El caso del Droid TW 12.7 no es solo una anécdota tecnológica, sino una señal de hacia dónde se dirige la guerra moderna: un campo de batalla donde cada metro puede defenderse con sensores, acero y algoritmos en lugar de carne y hueso, y donde el valor estratégico de un soldado empieza a medirse también por su capacidad para no estar físicamente allí. Esta transformación representa un cambio paradigmático en la concepción tradicional del combate, donde la presencia humana directa ha sido durante siglos un elemento indispensable.
En México, donde la tecnología militar y de defensa sigue evolucionando, estos desarrollos ofrecen lecciones valiosas sobre cómo la innovación puede reducir el costo humano en situaciones de conflicto. Aunque nuestro país mantiene una política exterior de no intervención y resolución pacífica de controversias, la comprensión de estas tecnologías es crucial para la seguridad nacional y la defensa de la soberanía.
Un dato curioso relacionado con este tema es que el concepto de máquinas de combate autónomas no es nuevo.
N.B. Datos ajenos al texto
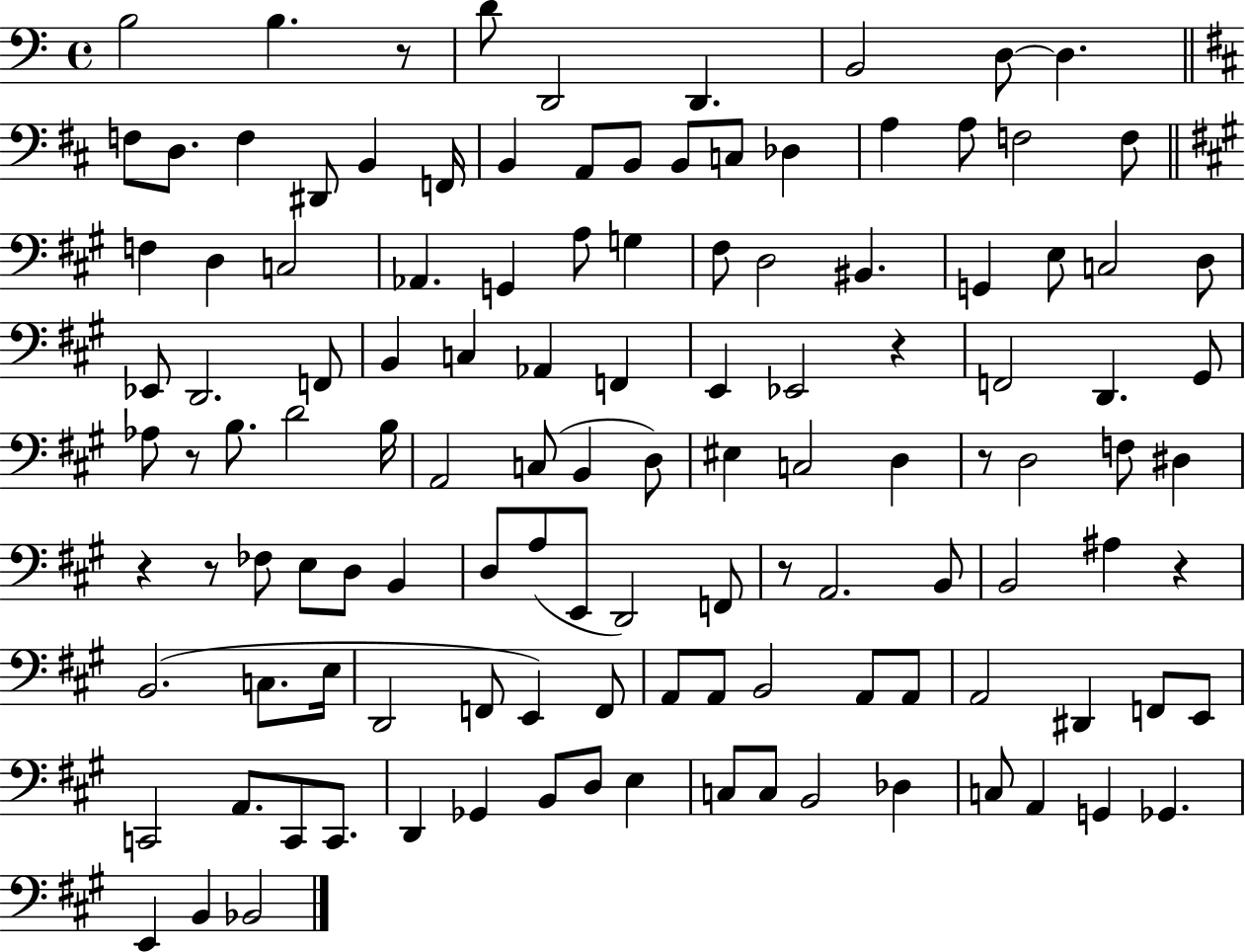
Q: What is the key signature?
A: C major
Ya en la Segunda Guerra Mundial, se desarrollaron prototipos de vehículos controlados por radio, aunque su implementación fue limitada debido a las restricciones tecnológicas de la época. Hoy, casi ochenta años después, la combinación de inteligencia artificial, sistemas de navegación avanzados y comunicaciones seguras ha hecho posible lo que entonces era ciencia ficción.
El componente atemporal de esta historia reside en la eterna búsqueda humana de proteger vidas mientras se defienden posiciones. Desde las murallas de las ciudades antiguas hasta los sistemas de defensa antimisiles modernos, la humanidad ha buscado constantemente formas de mantener la seguridad sin sacrificar a sus defensores. Los drones terrestres representan simplemente la última iteración de este principio fundamental.
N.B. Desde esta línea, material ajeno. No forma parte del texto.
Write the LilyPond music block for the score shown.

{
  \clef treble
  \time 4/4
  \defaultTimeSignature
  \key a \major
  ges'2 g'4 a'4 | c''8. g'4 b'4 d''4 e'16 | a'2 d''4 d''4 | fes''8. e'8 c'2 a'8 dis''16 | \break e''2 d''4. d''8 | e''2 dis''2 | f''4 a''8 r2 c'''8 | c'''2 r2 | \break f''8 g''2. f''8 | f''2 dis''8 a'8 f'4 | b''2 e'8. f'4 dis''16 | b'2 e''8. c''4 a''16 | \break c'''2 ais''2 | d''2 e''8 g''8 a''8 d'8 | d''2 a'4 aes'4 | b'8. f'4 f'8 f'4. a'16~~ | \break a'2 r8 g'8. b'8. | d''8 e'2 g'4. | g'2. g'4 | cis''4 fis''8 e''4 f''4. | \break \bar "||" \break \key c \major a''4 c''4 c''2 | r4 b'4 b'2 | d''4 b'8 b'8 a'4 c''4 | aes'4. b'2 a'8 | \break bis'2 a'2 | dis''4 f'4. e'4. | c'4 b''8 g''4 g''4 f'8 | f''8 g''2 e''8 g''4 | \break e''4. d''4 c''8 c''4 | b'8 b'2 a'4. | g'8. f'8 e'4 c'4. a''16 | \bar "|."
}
En términos de costos, mientras que el desarrollo de sistemas como el Droid TW 12.7 requiere inversiones significativas -que pueden oscilar entre 50,000 y 150,000 dólares estadounidenses por unidad, equivalentes aproximadamente a 850,000 a 2.5 millones de pesos mexicanos- estos gastos deben compararse con el valor incalculable de las vidas humanas que pueden salvar. Además, la operación continua de estos sistemas implica costos adicionales en mantenimiento, munición y capacitación del personal.
La tropicalización de esta tecnología para el contexto mexicano implicaría considerar no solo aspectos militares, sino también aplicaciones en seguridad pública, protección de infraestructura crítica y respuesta a emergencias. La versatilidad de los vehículos terrestres no tripulados los hace valiosos para múltiples escenarios donde la presencia humana directa conlleva riesgos significativos.
Mirando hacia el futuro, es probable que veamos una mayor integración de sistemas autónomos en las doctrinas militares de todo el mundo. La combinación de drones aéreos, terrestres y marítimos, coordinados mediante inteligencia artificial, podría redefinir completamente la naturaleza de los conflictos armados. Para países como México, mantenerse al tanto de estos desarrollos no es solo una cuestión de defensa, sino de soberanía tecnológica y capacidad de innovación.
La experiencia ucraniana con el Droid TW 12.7 demuestra que, incluso en las circunstancias más difíciles, la creatividad y la adaptación tecnológica pueden ofrecer soluciones que preservan lo más valioso: la vida humana. Mientras el mundo observa estos desarrollos, queda claro que el futuro de la defensa será cada vez más digital, autónomo y, paradójicamente, más humano en su objetivo fundamental de proteger a quienes defienden.